Receive and activate your ECA token

After approval (typically 3–5 business days), you will receive an installation email. Do not proceed until you have your token and card reader in hand.

Step 2 — Provision your ECA card

Install OpenSC

  1. Download the latest version from OpenSC Releases.  
  2. Install using the .dmg installer. If you are familiar with Homebrew, you may use it — but note that all library paths will differ from those used in this guide.  

Reboot and initialize card reader 

  1. Reboot your computer with the card reader disconnected
  2. After logging back in, insert your ECA card. You should see a prompt to pair the card with your account — this confirms the card is working. 

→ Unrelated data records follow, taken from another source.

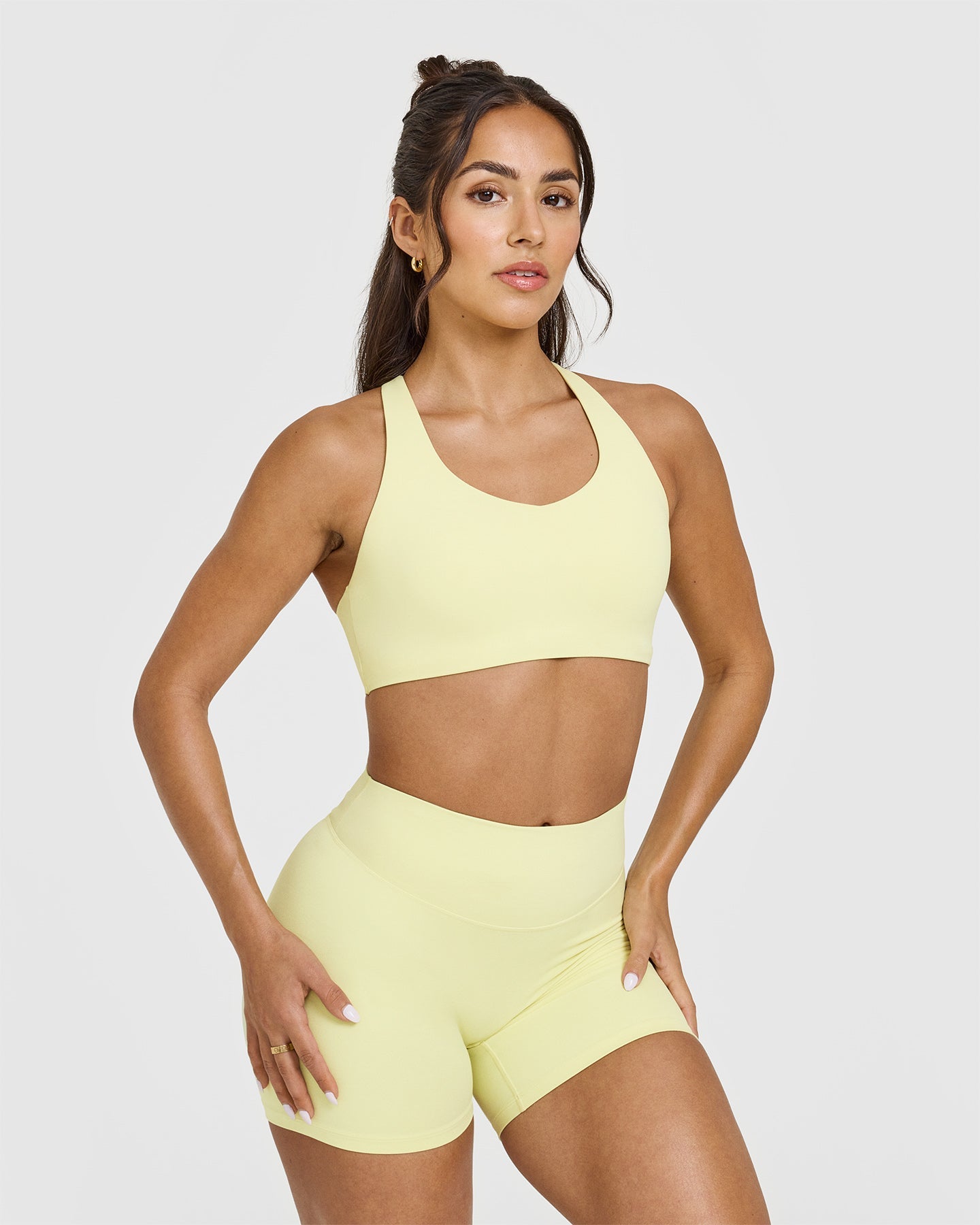 SoftMotion™ High Support Sports Bra for Women - Breathable Seamless Workout Top in Pastel Yellow | Yoga, Running, Gym & Activewear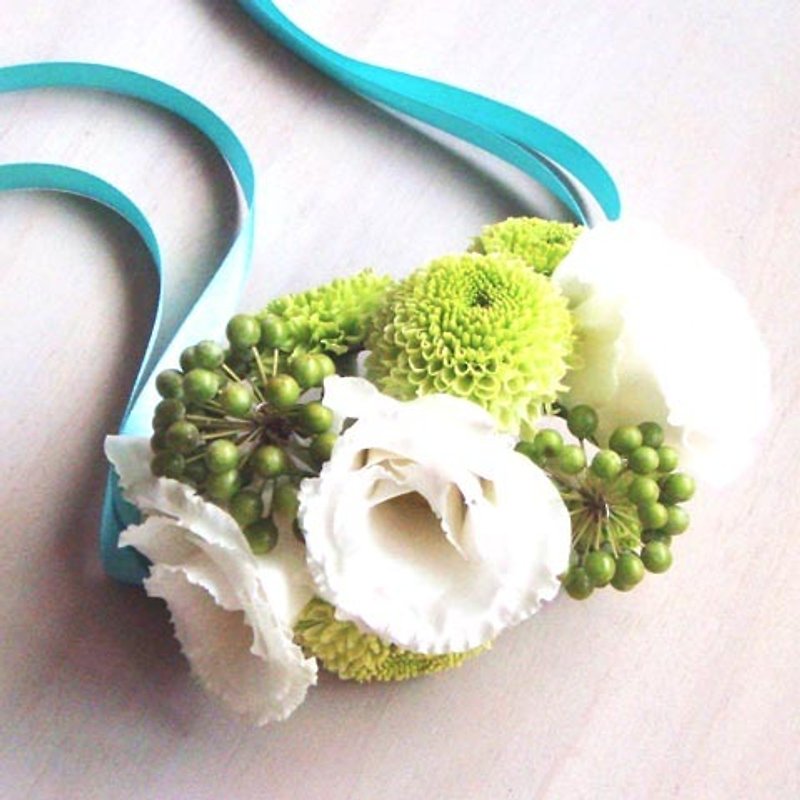 定制婚礼手腕花与多肉植物胸花 - 干燥花/捧花 - 植物．花 绿色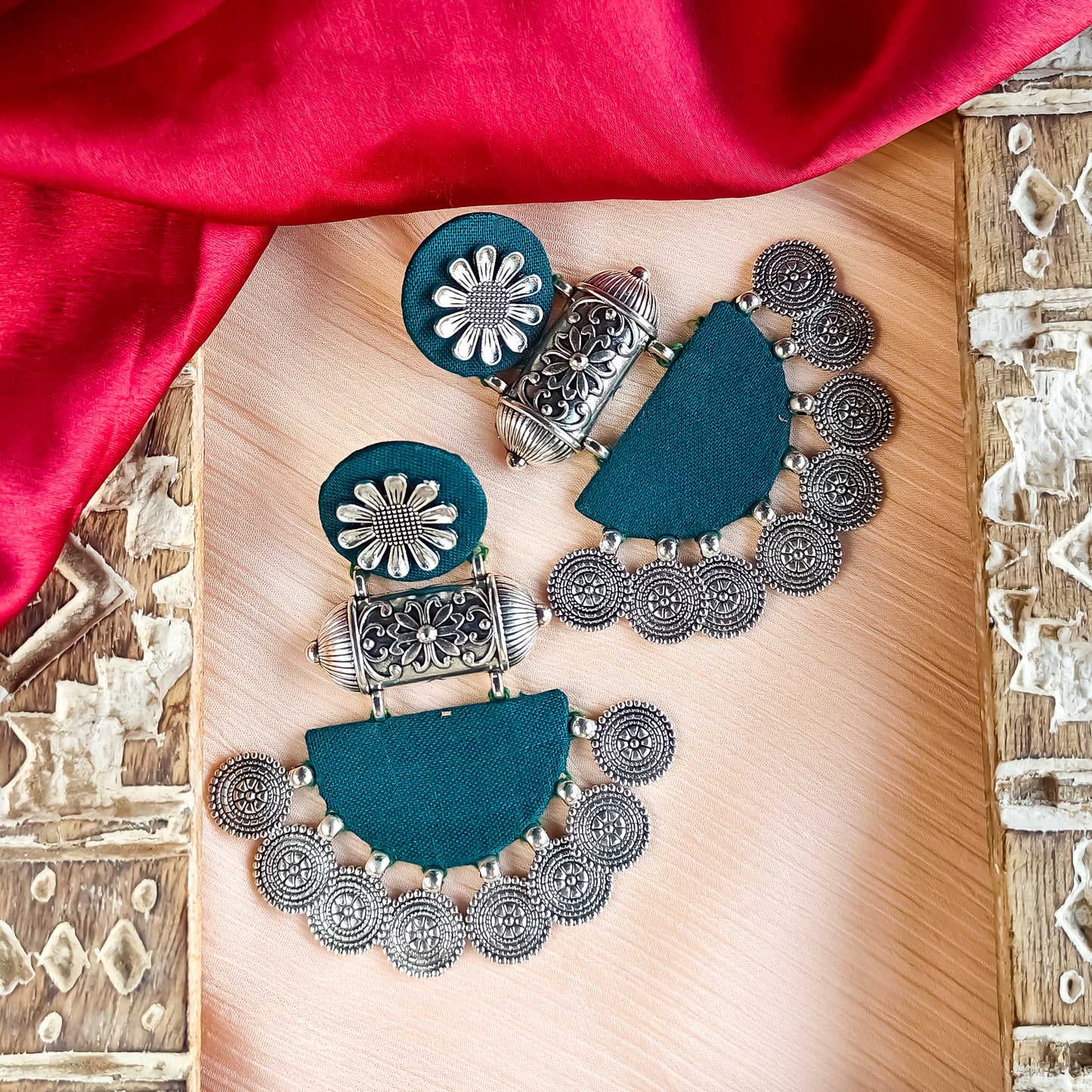 Kamakshi Fabric Chandbali Earrings - Peacock Blue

(Optional) Test OpenSC with your card

Open Terminal and run: 

/Library/OpenSC/bin/pkcs11-tool --login --test
If successful, the output will resemble the following example and will end with No errors. 
$ /Library/OpenSC/bin/pkcs11-tool --login --test

Using slot 0 with a present token (0x0)
Logging in to "Johnny Example:A0000B0000000...".
Please enter User PIN: ******

C_SeedRandom() and C_GenerateRandom():
  seeding (C_SeedRandom) not supported
  seems to be OK
Digests:
  all 4 digest functions seem to work
  MD5: OK
  SHA-1: OK
  RIPEMD160: OK
Signatures (currently only for RSA)
  testing key 0 (CAC Cert 5)  -- can't be used for signature, skipping
  testing key 1 (CAC Cert 14)
  all 4 signature functions seem to work
  testing signature mechanisms:
    RSA-X-509: OK
    RSA-PKCS: OK
    SHA1-RSA-PKCS: OK
    MD5-RSA-PKCS: OK
    RIPEMD160-RSA-PKCS: OK
    SHA256-RSA-PKCS: OK
  testing key 1 (CAC Cert 14) with 1 mechanism
    RSA-X-509: OK
Verify (currently only for RSA)
  testing key 0 (CAC Cert 5) -- can't be used to sign/verify, skipping
  testing key 1 (CAC Cert 14) with 1 mechanism
    RSA-X-509: OK
Decryption (currently only for RSA)
  testing key 0 (CAC Cert 5)
    RSA-X-509: OK
    RSA-PKCS: OK
  testing key 1 (CAC Cert 14) -- can't be used to decrypt, skipping
No errors

Retrieve and install IdenTrust certificates

  1. Open the email from Registration@identrust.com.
  2. Follow the link to www.identrust.com/install. Enter your activation code and password you created during the checkout process in Submit ECA request through IdenTrust.
  3. Download and run the retrieval application as instructed.

Step 3 — Install required certificates

Install DoD Certificates

Follow the guide on MilitaryCAC.com. to download and install the DoD certificates for your Mac. Ensure the certificates are installed in both the macOS keychain and Firefox (step 5a).

Install IdenTrust ECA Root Certificates

Download the IdenTrust ECA Root Certificates from this link. Install them using the same method as the DoD certificates.

Step 4 — Configure applications for smart card use

For applications supporting PKCS11 libraries, use:

/Library/OpenSC/lib/onepin-opensc-pkcs11.so
If you are familiar with Homebrew, you may use it — but note that all library paths will differ from those used in this guide.